» **RECORDS TO PROCESS**:
---

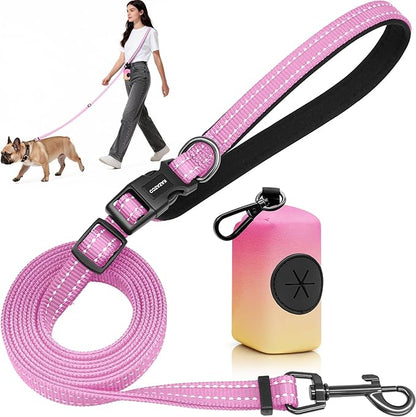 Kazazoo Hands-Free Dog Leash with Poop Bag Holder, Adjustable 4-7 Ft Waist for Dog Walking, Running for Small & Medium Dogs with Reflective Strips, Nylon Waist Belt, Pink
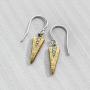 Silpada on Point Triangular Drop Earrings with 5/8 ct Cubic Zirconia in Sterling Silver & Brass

---

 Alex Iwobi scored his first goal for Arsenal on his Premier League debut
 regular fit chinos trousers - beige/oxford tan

---

» **DIRECTIONS**: Using the listing above, return word for word each line from the one that has "Alex Iwobi scored" through the one that has "regular fit chinos", and no line outside that range.

» **WRITTEN RESPONSE**:
 Alex Iwobi scored his first goal for Arsenal on his Premier League debut
 regular fit chinos trousers - beige/oxford tan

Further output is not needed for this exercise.